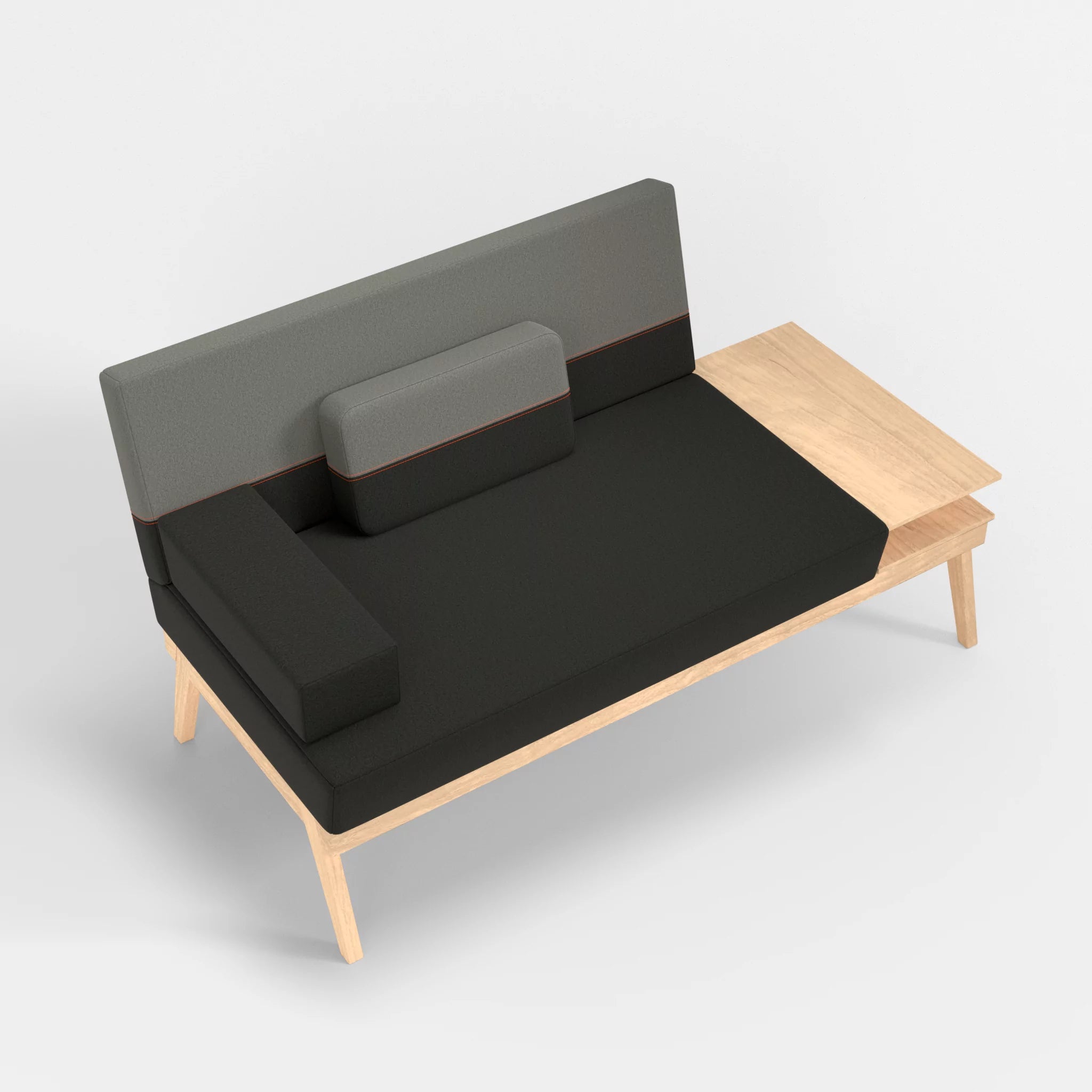 2er Sitzsofa Bauz mit Ablage rechts dama0002-dama0003 in Anthrazit und Mittelgrau von oben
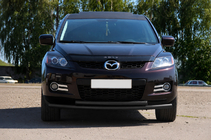 Mazda CX-7 2006-2012 гг. Передняя защита ST014 Черная (Нержавеющая сталь) фото 2
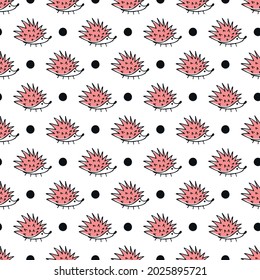Vector seamless pattern with pink hedgehogs and dots on white background. Hand-drawn cute doodle illustration.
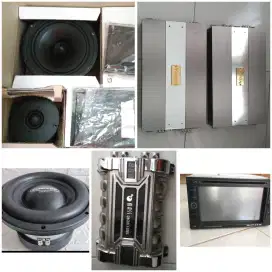 Sound System audio mobil speaker/subwoofer/power/capasitor komplit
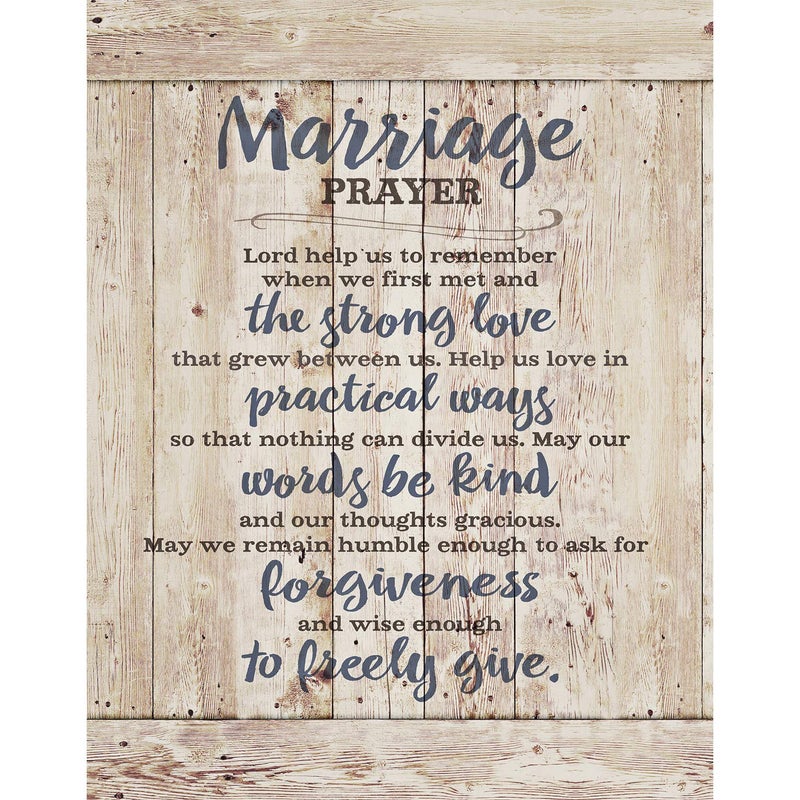DEXSA Marriage Prayer Wood Plaque - Made in the USA - 11.75"x15" - Classy Frame Wall Hanging Decoration | Lord, Help us to Remember When we First met | Christian Family Religious Home Decor Saying - Image 1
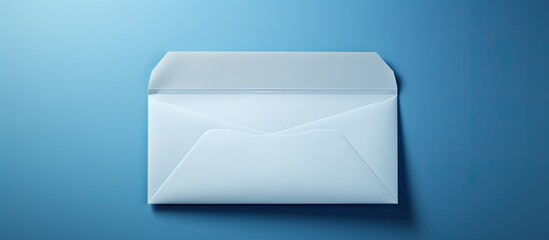 Poster - A blank card being inserted into an opened blue envelope by a hand with space for writing. Creative banner. Copyspace image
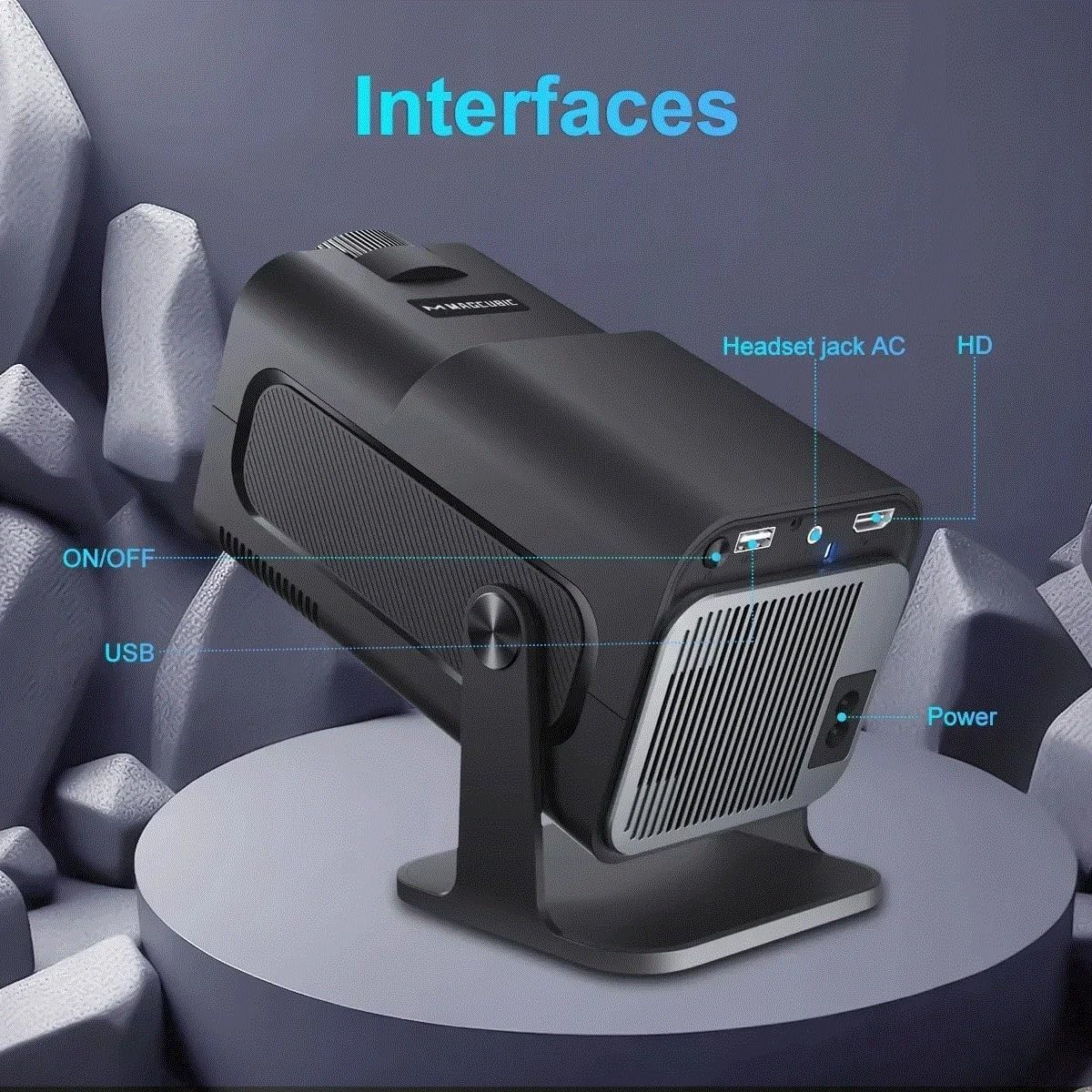Proiettore cinematografico portatile Android 11 4K 1080P 390ANSI Dual WiFi 6 BT5.0 1920 x 1080P Proiettori intelligenti Rotazione di 180 gradi 18000 lumen
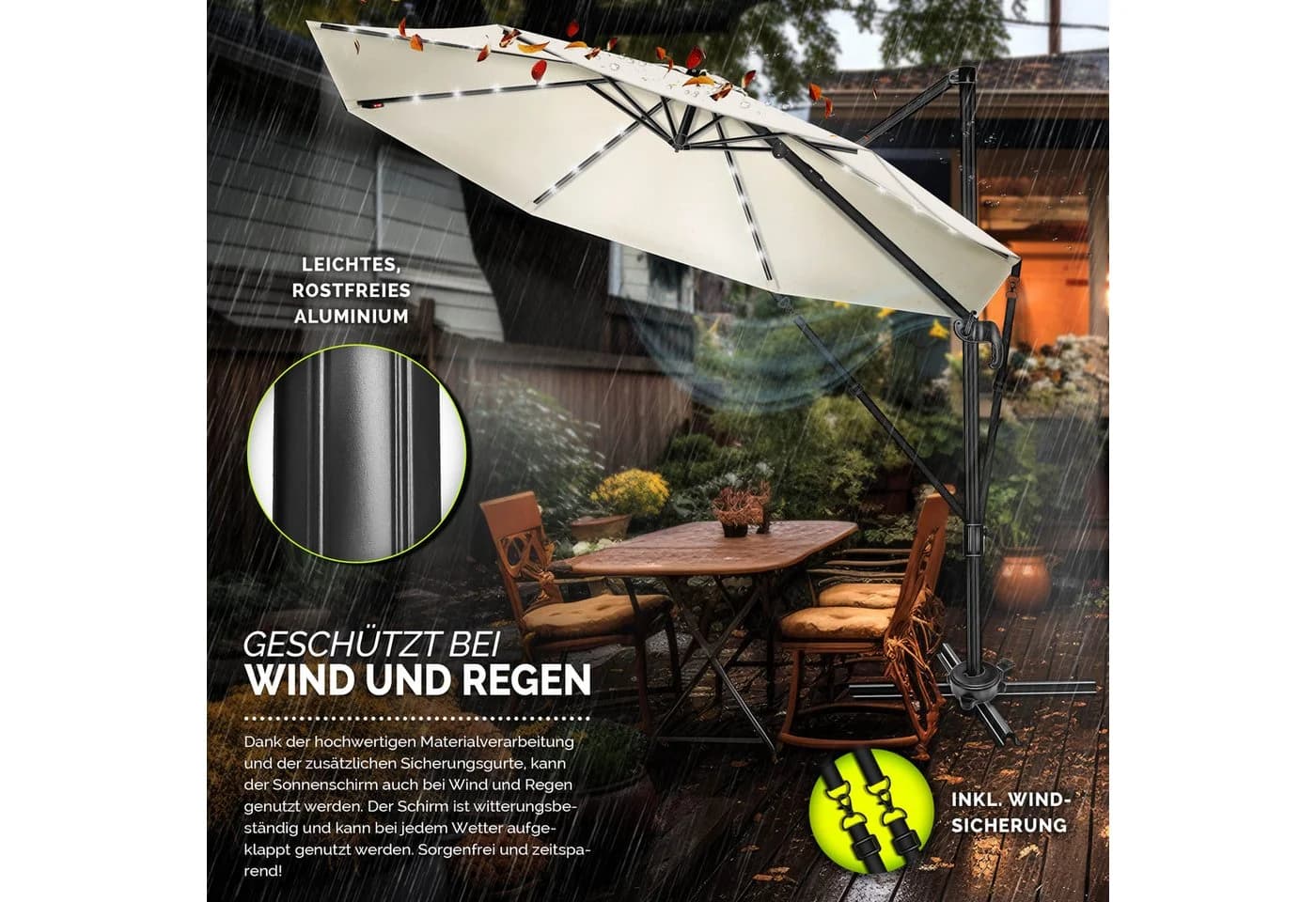 tillvex LED Sonnenschirm 330 cm Aluminium Beige Premium - Bild 4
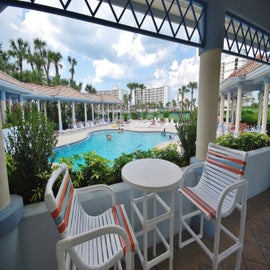 Tables by the pool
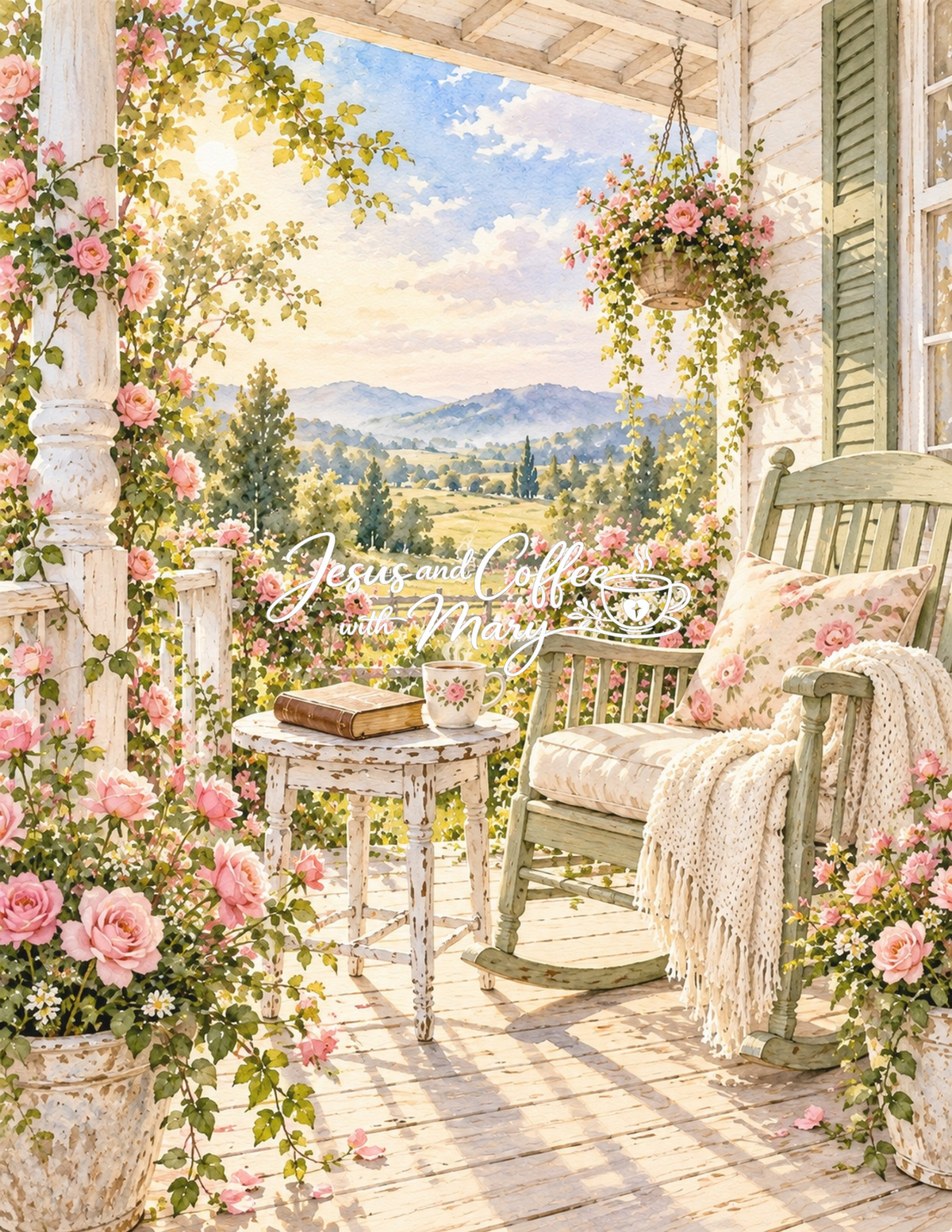 Rocking Chair Front Porch Watercolor Printable Papers - 24 Cozy Designs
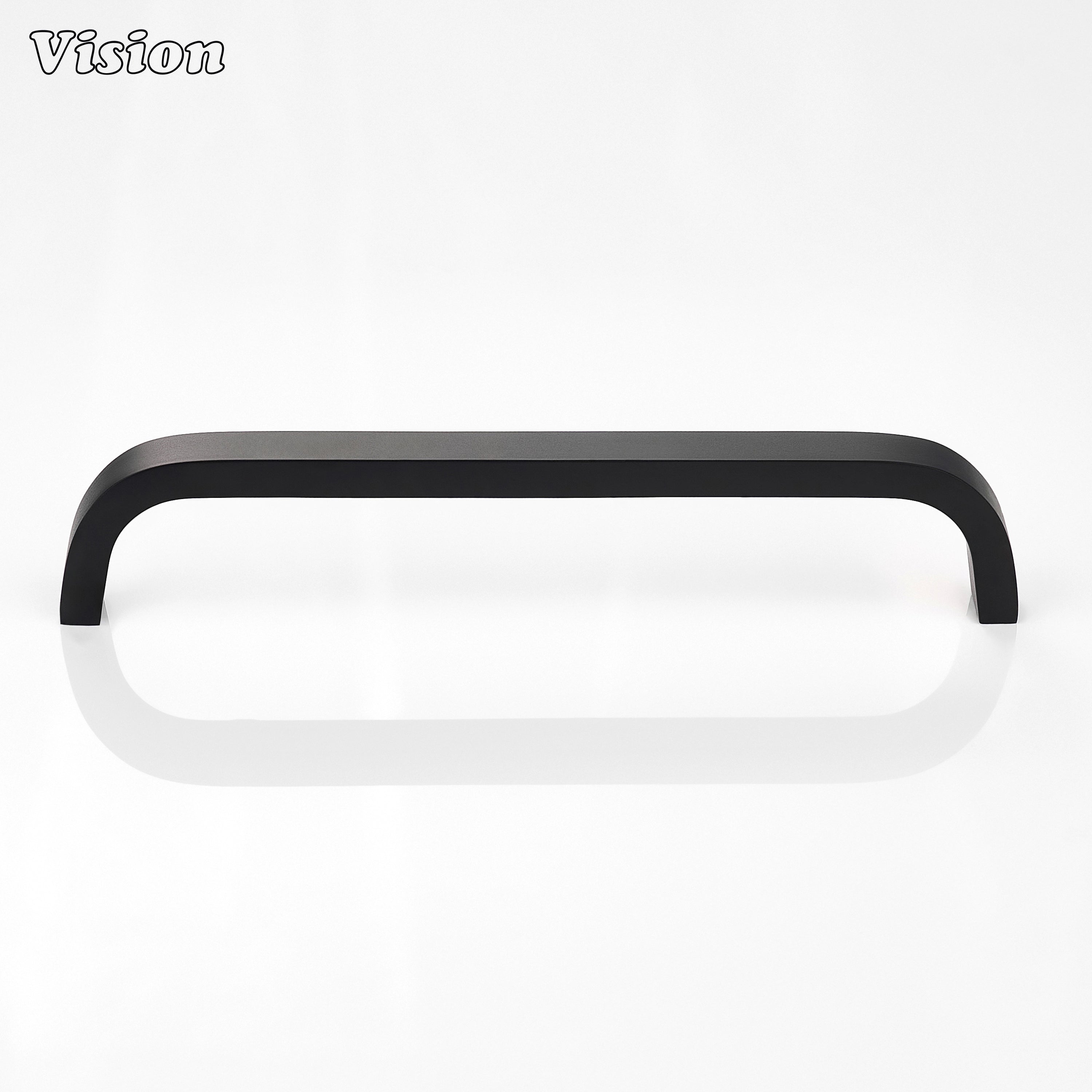 Black cabinet handle minimalist curved bar for kitchen drawers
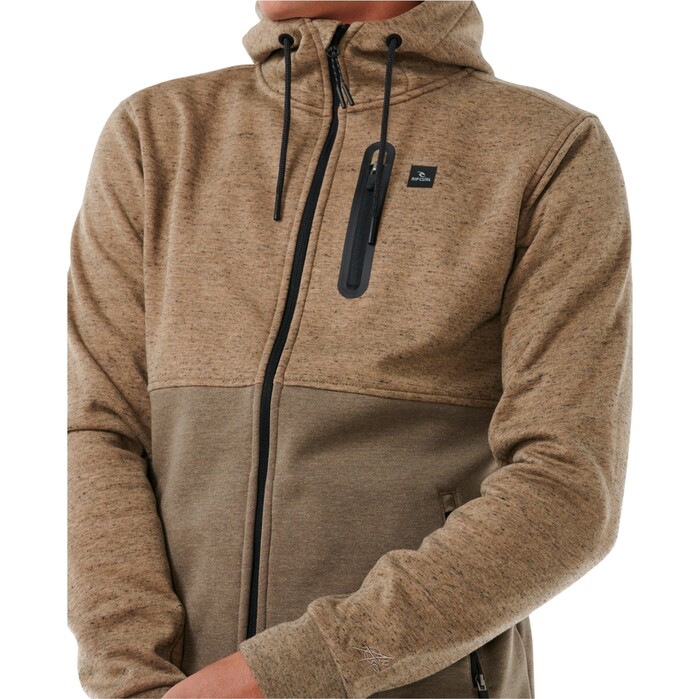 2024 Rip Curl Mens Anti Series Departed Zip Fleece CFEDB9 - Sand Dune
· · ·
▶ Your instructions:
Every record above should be duplicated precisely, with the images removed.

▶ Problem solution:
 2er Sitzsofa Bauz mit Ablage rechts dama0002-dama0003 in Anthrazit und Mittelgrau von oben
 Mazda CX-7 2006-2012 гг. Передняя защита ST014 Черная (Нержавеющая сталь) фото 2
Vector seamless pattern with pink hedgehogs and dots on white background. Hand-drawn cute doodle illustration.
 Sound System audio mobil speaker/subwoofer/power/capasitor komplit
DEXSA Marriage Prayer Wood Plaque - Made in the USA - 11.75"x15" - Classy Frame Wall Hanging Decoration | Lord, Help us to Remember When we First met | Christian Family Religious Home Decor Saying - Image 1
 Poster - A blank card being inserted into an opened blue envelope by a hand with space for writing. Creative banner. Copyspace image
Proiettore cinematografico portatile Android 11 4K 1080P 390ANSI Dual WiFi 6 BT5.0 1920 x 1080P Proiettori intelligenti Rotazione di 180 gradi 18000 lumen
 tillvex LED Sonnenschirm 330 cm Aluminium Beige Premium - Bild 4
 Tables by the pool
 Rocking Chair Front Porch Watercolor Printable Papers - 24 Cozy Designs
 Black cabinet handle minimalist curved bar for kitchen drawers
 2024 Rip Curl Mens Anti Series Departed Zip Fleece CFEDB9 - Sand Dune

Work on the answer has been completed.